What’s Inside Intel’s HPC Scalable System Framework?
April 21, 2015 Nicole Hemsoth
When we broke the news about the upcoming Intel and Cray contract for the Aurora supercomputer coming to Argonne National Laboratory in 2018, we talked in depth about the unique Knights Hill based architecture of the future machine and referenced a new paradigm for high-end HPC systems that Intel refers to as the HPC scalable system framework.
At the time, it was hard to wrap how the new memory, interconnect, and switching approaches fit into this overall framework, but during a conversation with Alan Gara, Intel Fellow and Chief Exascale Architect for Intel’s Technical Computing Group (not to mention one of the key architects of three of the previous BlueGene supercomputers from IBM)
The Next Platform dug into more detail about how the HPC scalable system framework could allow for far more configurability and flexibility than contemporary supercomputers do, particularly across the new levels of memory, in the switching fabric, the I/O and storage subsystems, and within the interconnect. In short, it is an effort to embed further intelligence at both the hardware and software levels so big supercomputing sites can tune for optimal performance depending on how they want to use the machine (i.e. compute-intensive versus data-intensive workloads which emphasize different components).
When it comes to a large system like Aurora, Gara says that “There are many fabrics that run around in these machines to push performance—sometimes they are isolated for repeatability and reliability—but this is central.” On the software front, Intel has created a layer serves as a sort of reference design for what the fabric management software should look like.

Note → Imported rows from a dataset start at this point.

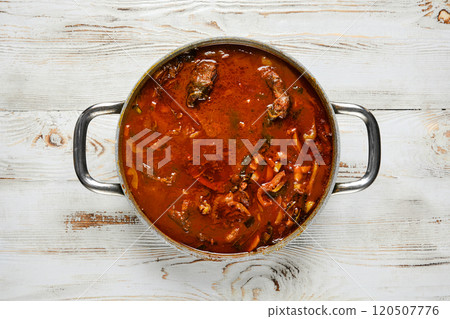 Overhead view of a pot of rich beef stew on a white wooden table Overhead view of a pot of rich beef stew on a white wooden table 120507776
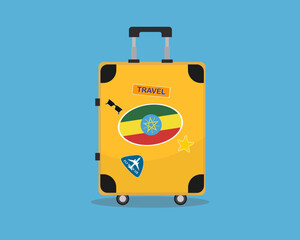 Suitcase or baggage with Ethiopia flag, holiday and vacation idea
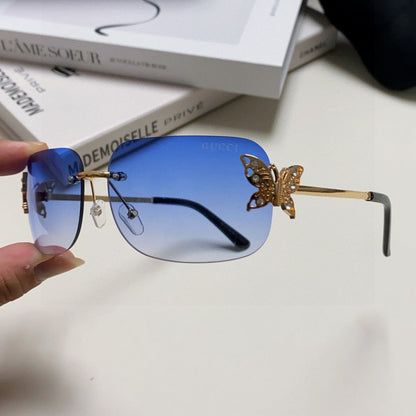 GUCCI BUTTERFLY EMBELLISHED RIMLESS RECTANGULAR FRAME SUNGLASSES 570245 IN METAL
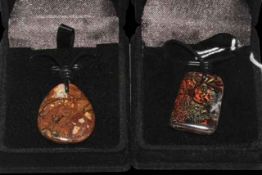 Two Boulder opal pendants.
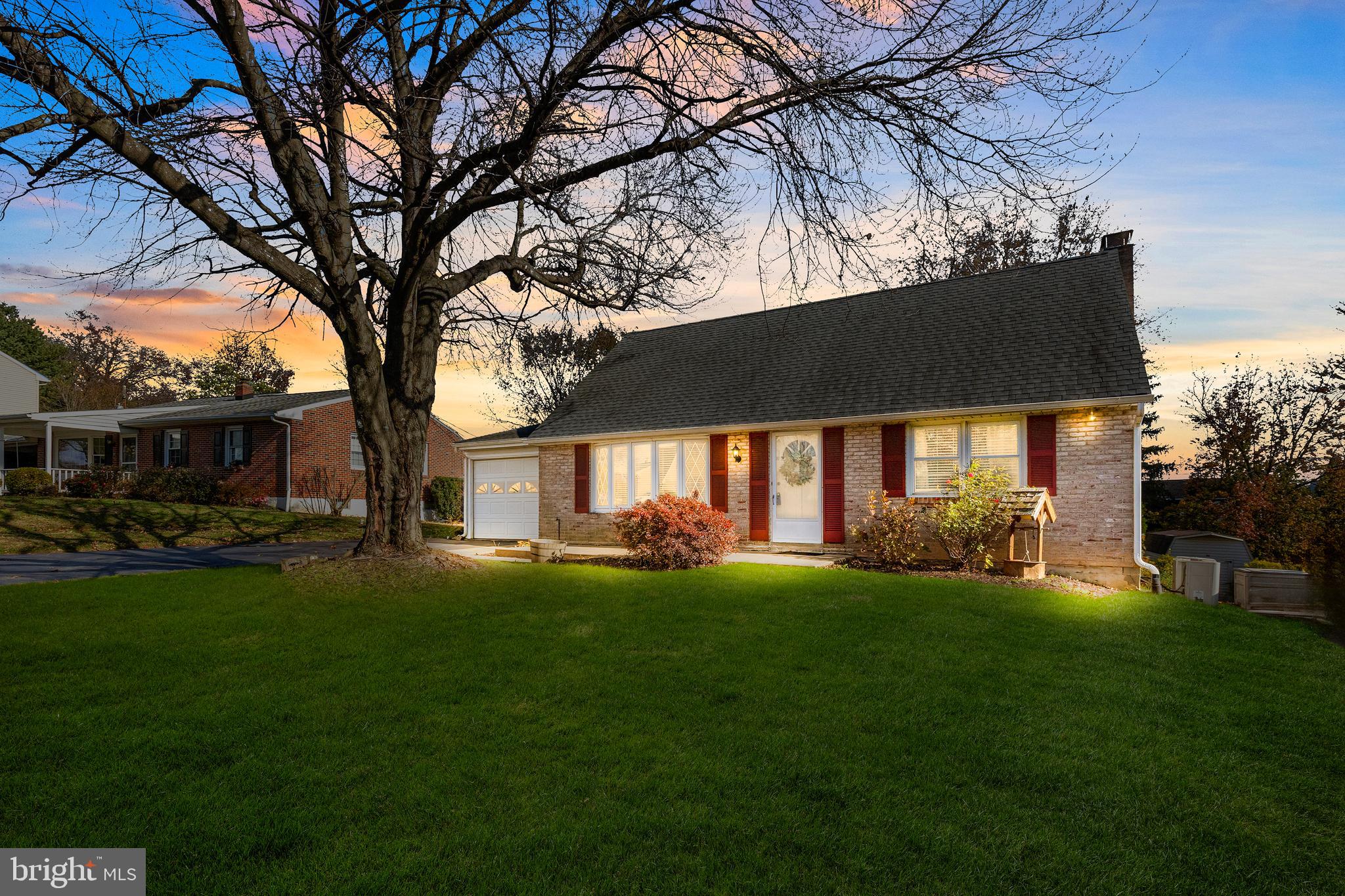 63 Quaker Hills Road Lancaster, PA 17603 - Photo 2 of 52 a front view of a house with a garden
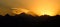 SILHOUETTE: Golden morning sun gently illuminates the mountain range in Himalaya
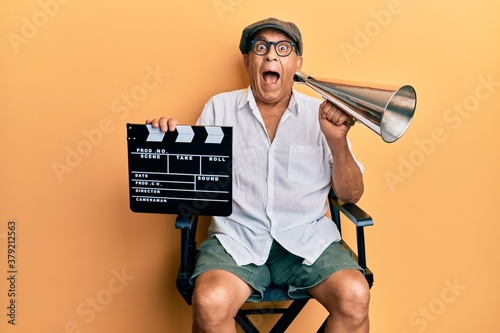 Handsome mature director man holding video film clapboard and louder celebrating crazy and amazed for success with open eyes screaming excited. photo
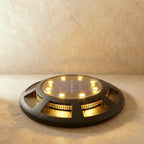 A round black solar disc light glows warm amber from its slatted sides on a plain studio floor in this Clérachic hero shot.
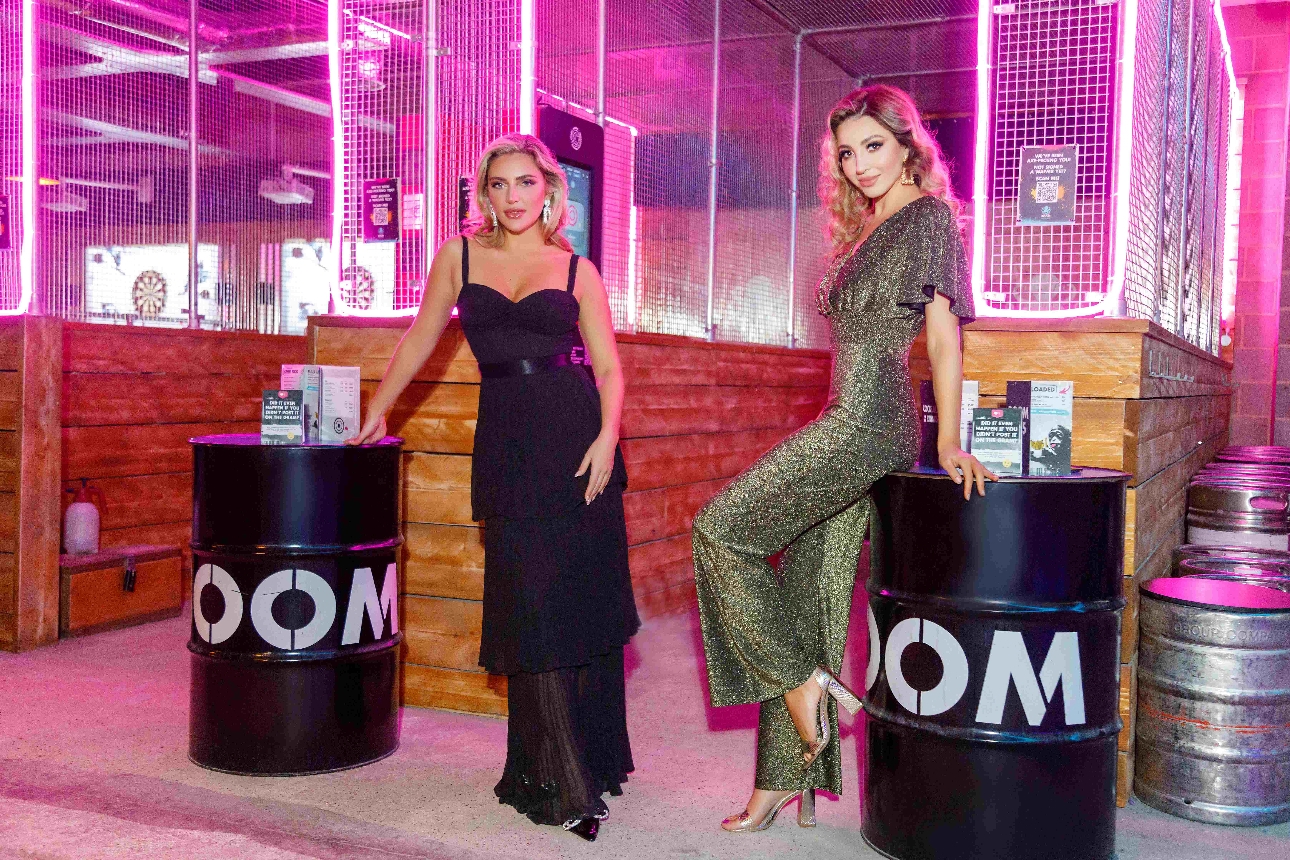 two model in clothes next to oil drums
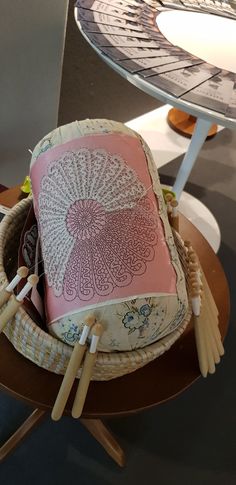 a cake that is sitting on top of a table with some knitting needles in front of it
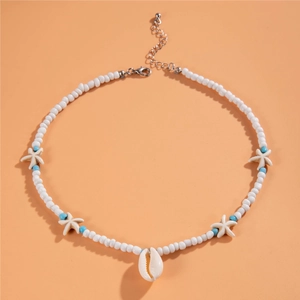 Detail of beach necklace with white starfish beads and shell pendant on orange backdrop
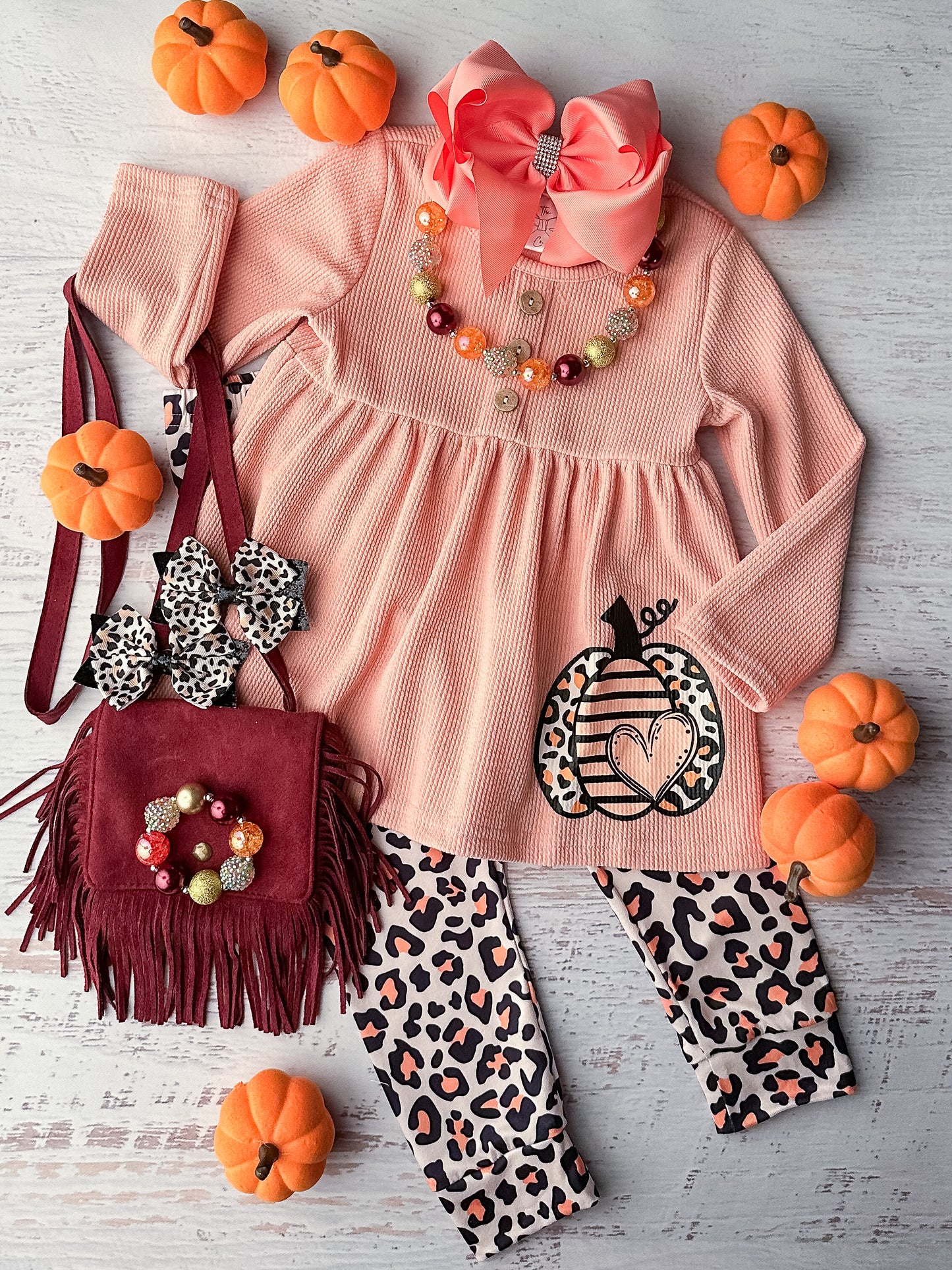 Long sleeve pink babydoll top with pumpkin design and matching leopard leggings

Intel has pushed some intelligence into the switches for these next-generation supercomputers that have quite a bit of complexity (and thus, configurability) to provide more fine-tuned ways to handle prioritization among different types of packets, how congestion is handled, and other aspects of the fabric that might change depending on how the system is being used.
As we noted during the announcement of the new Aurora system, the machine will sport a Dragonfly Aries-like network topology, although this is but one of several possible future configurations. At the time, Gara described the HPC scalable system framework as a flexible approach enabled by a high-radix switching framework that allows for multiple topologies. “The radix of the switch is related to the number of hops or distance of the fabric, which has an impact on both bandwidth and latency,” he noted then. “It turns out to be a critical parameter and is one of the dimensions where we’ve worked hard. It’s not just the radix, it’s also how you do the routing and we’ve done a lot of that work with Cray in terms of minimizing congestion is a result of both hardware and software.” The system will be tied together with the forthcoming OmniPath-2 fabric, which will boast an aggregate bandwidth of around 2.5 petabytes per second at the system level with a bisectional bandwidth of around a half a petabyte per second. But the real story here isn’t in the numbers, it’s in how this can be adapted, flexed, and bent for other systems based on the machine’s purpose.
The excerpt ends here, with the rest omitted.